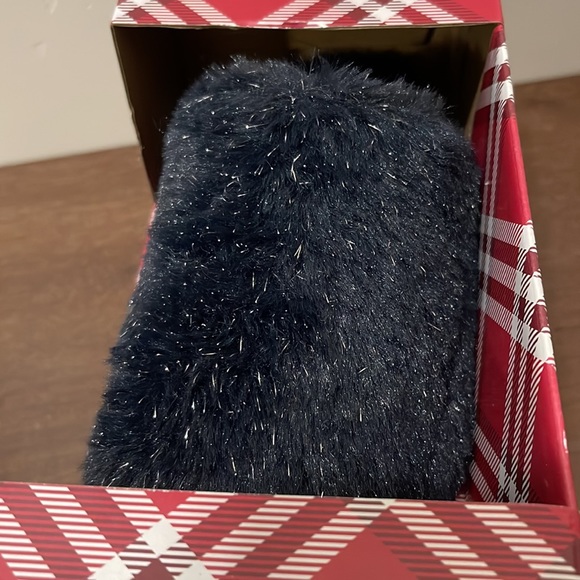 Slippers - Picture 3 of 3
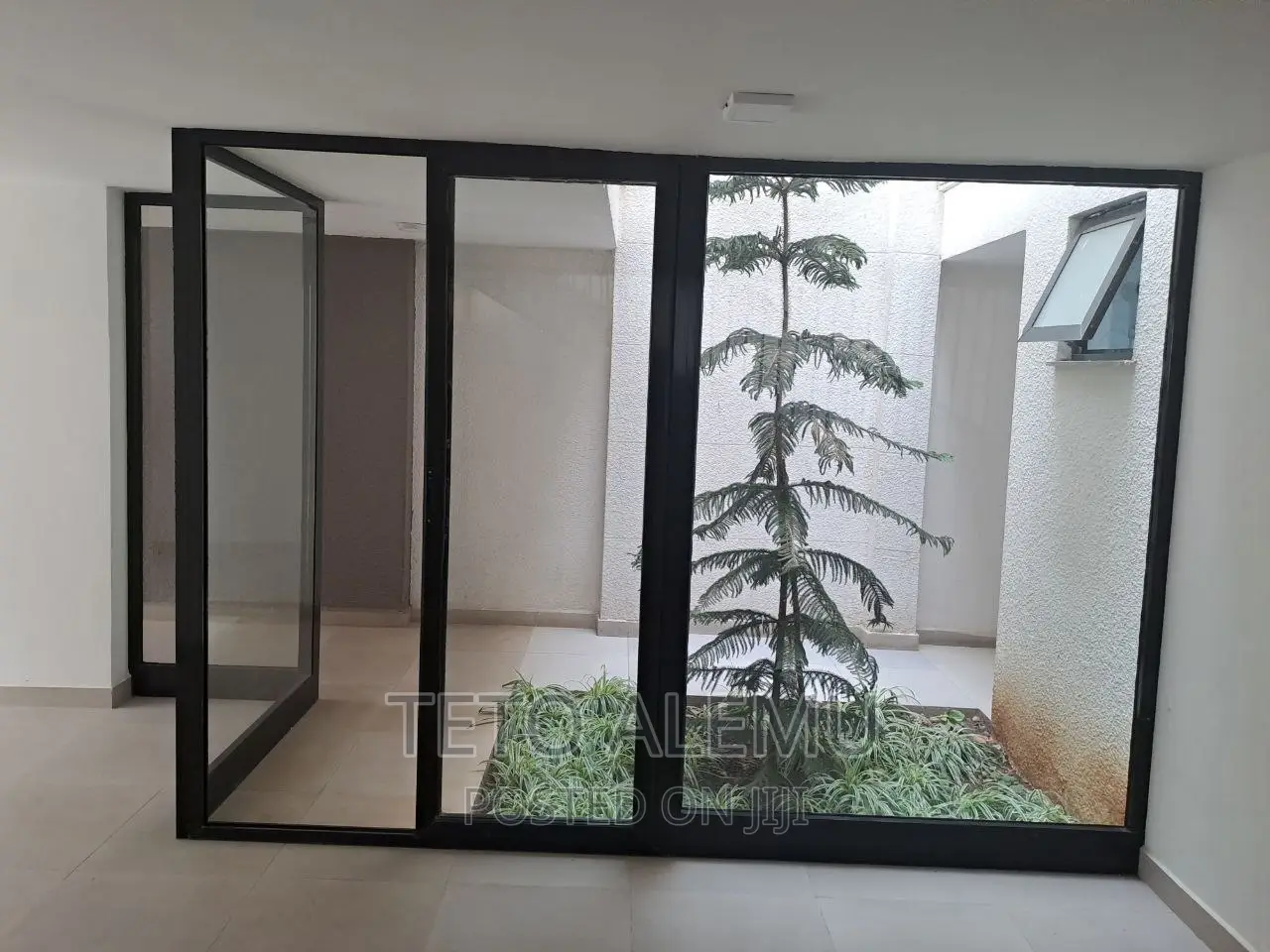 4bdrm House in የሚሸጥ ቤት ቦሌ ቡልብላ, Bole for sale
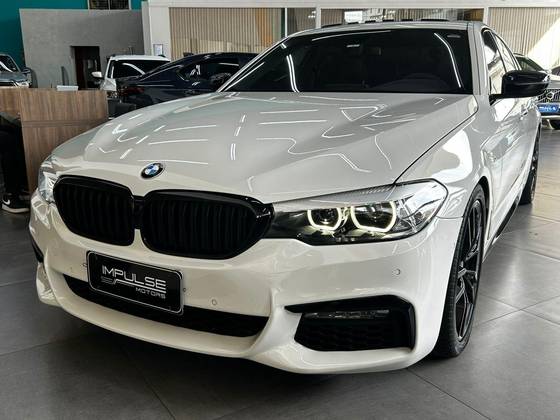 BMW 530i 2.0 16V TURBO GASOLINA M SPORT AUTOMÁTICO BMW 530i 2.0 16V TURBO GASOLINA M SPORT AUTOMÁTICO
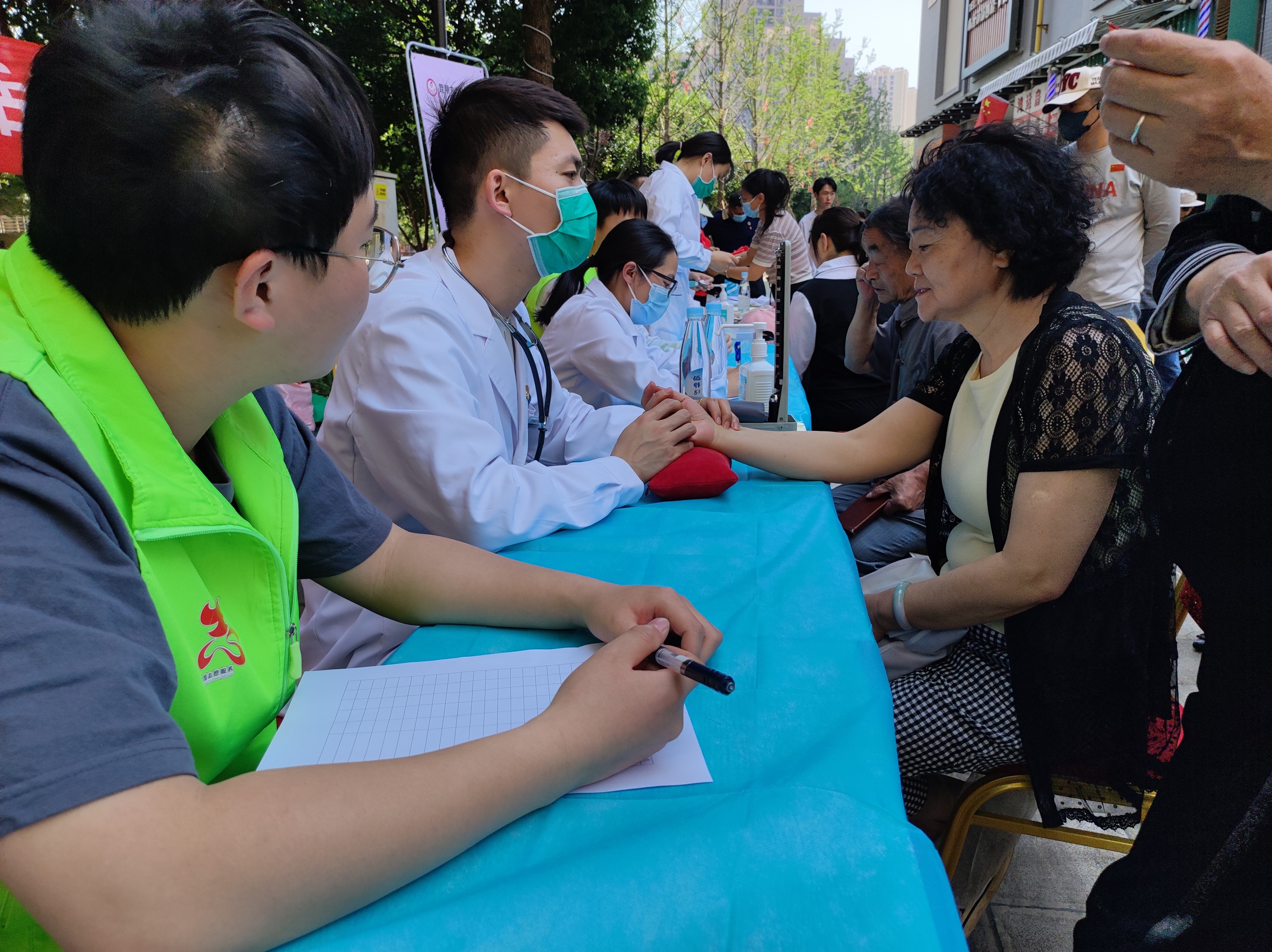 共联共建促发展，义诊服务送温暖——2026世界杯足球官网医学院康复系党支部联合昆明市妇幼保健院中医科党支部及昆明市五华区龙院社区党委开展健康义诊活动 第 2 张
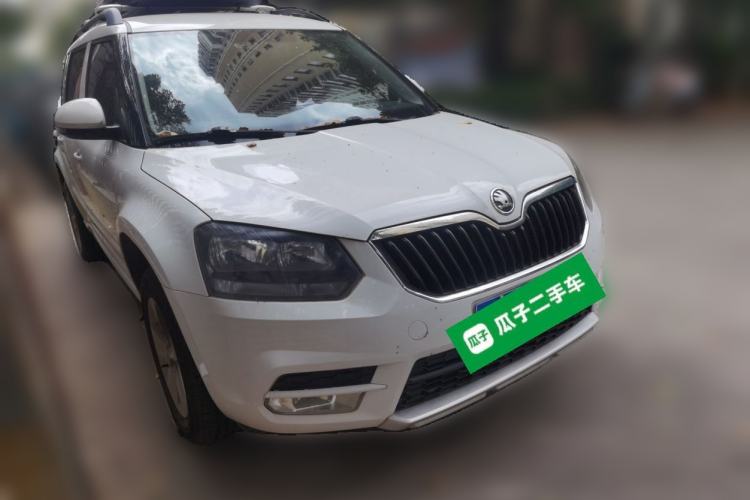 Used Skoda Yeti 2014 1.4TSI DSG Vibrant Edition Front Right 45 Deg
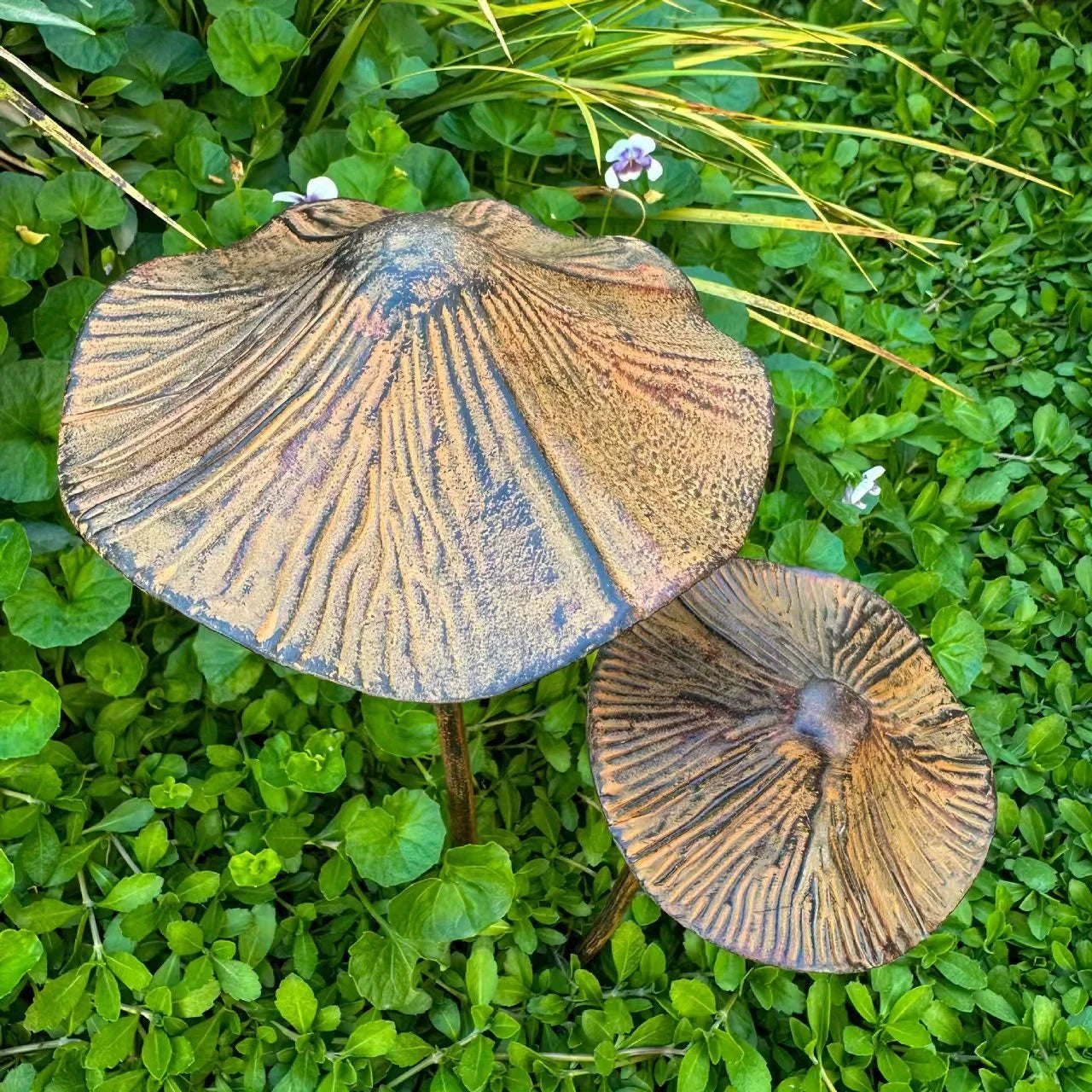 Rusty Mushroom Garden Statues — Set of 3 Weathered Metal Sculptures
_ _ _ _ _
_WHAT IS BEING ASKED_
Make an exact copy of every entry above, minus the images.

_RESPONSE TO THIS TASK_
 Slippers - Picture 3 of 3
 4bdrm House in የሚሸጥ ቤት ቦሌ ቡልብላ, Bole for sale
 BMW 530i 2.0 16V TURBO GASOLINA M SPORT AUTOMÁTICO BMW 530i 2.0 16V TURBO GASOLINA M SPORT AUTOMÁTICO
 共联共建促发展，义诊服务送温暖——2026世界杯足球官网医学院康复系党支部联合昆明市妇幼保健院中医科党支部及昆明市五华区龙院社区党委开展健康义诊活动 第 2 张
 Used Skoda Yeti 2014 1.4TSI DSG Vibrant Edition Front Right 45 Deg
 Rusty Mushroom Garden Statues — Set of 3 Weathered Metal Sculptures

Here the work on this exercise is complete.